» **Input data**
•••

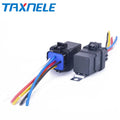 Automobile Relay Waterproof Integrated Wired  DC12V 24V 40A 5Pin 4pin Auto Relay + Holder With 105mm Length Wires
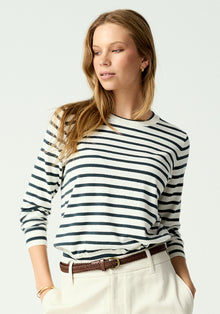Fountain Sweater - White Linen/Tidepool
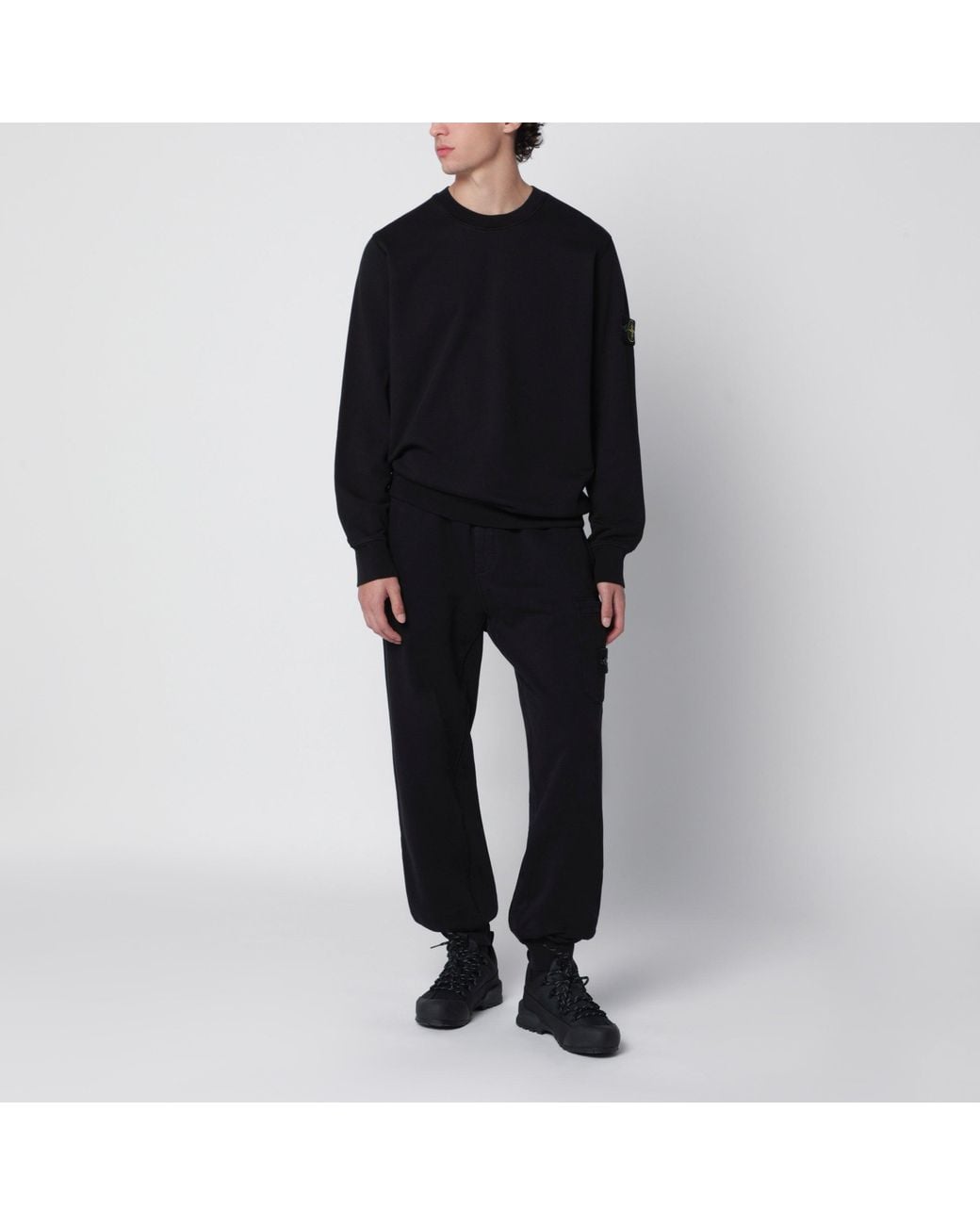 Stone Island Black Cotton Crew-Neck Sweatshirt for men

•••

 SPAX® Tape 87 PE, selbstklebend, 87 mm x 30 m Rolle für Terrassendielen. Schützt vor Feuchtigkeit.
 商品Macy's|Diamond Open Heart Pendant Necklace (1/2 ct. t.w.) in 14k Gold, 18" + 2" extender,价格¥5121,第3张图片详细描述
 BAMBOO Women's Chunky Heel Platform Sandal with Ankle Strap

•••

Output the lines above exactly, but only those between the line holding "商品Macy's|Diamond Open Heart" and the line holding "BAMBOO Women's Chunky", inclusive.

» **Your solution**
 商品Macy's|Diamond Open Heart Pendant Necklace (1/2 ct. t.w.) in 14k Gold, 18" + 2" extender,价格¥5121,第3张图片详细描述
 BAMBOO Women's Chunky Heel Platform Sandal with Ankle Strap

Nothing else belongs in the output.